- **What you have to do**: Repeat the data word for word. Do not include the pictures.

- **The data**:
------------------------

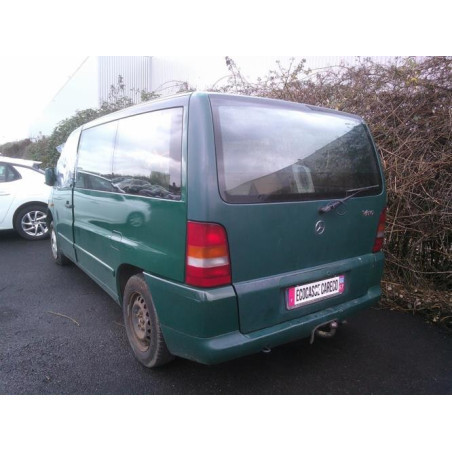Boite de vitesses MERCEDES VITO 638 Photo n°1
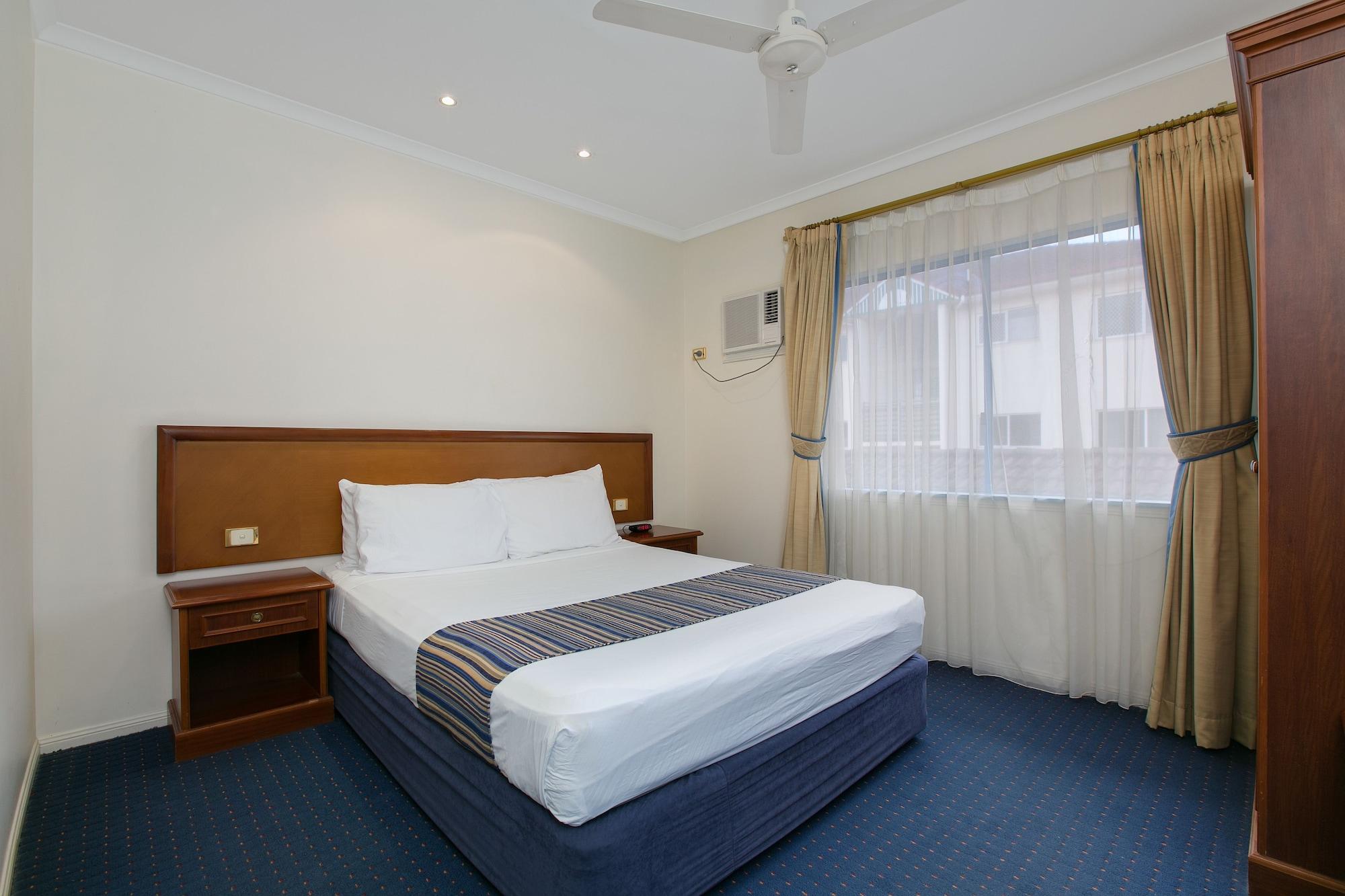 Motel Cairns Southside International Zewnętrze zdjęcie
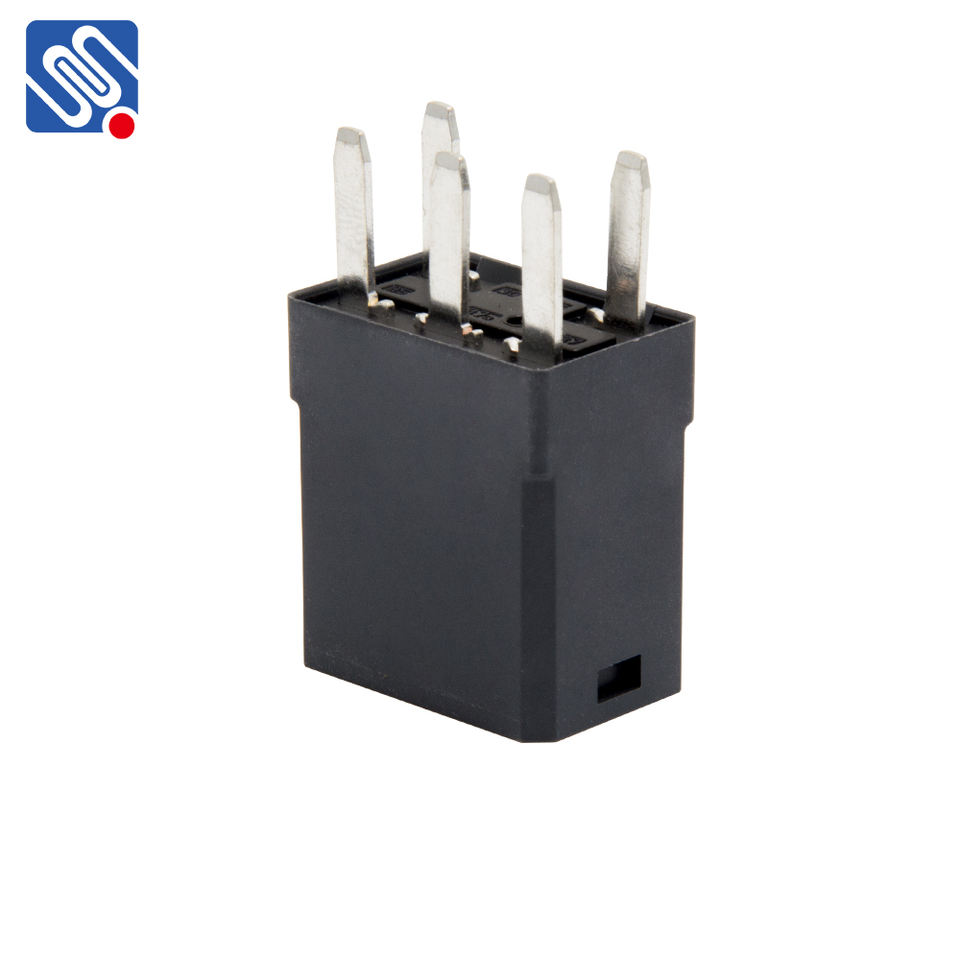 Meishuo MAS-112-C-R 12V 30A Miniature Auto Relay 5pin Electromagnetic Relay for German Cars & Motorcycles Sealed Protection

------------------------

- **Answer box**:
Boite de vitesses MERCEDES VITO 638 Photo n°1
 Motel Cairns Southside International Zewnętrze zdjęcie
 Meishuo MAS-112-C-R 12V 30A Miniature Auto Relay 5pin Electromagnetic Relay for German Cars & Motorcycles Sealed Protection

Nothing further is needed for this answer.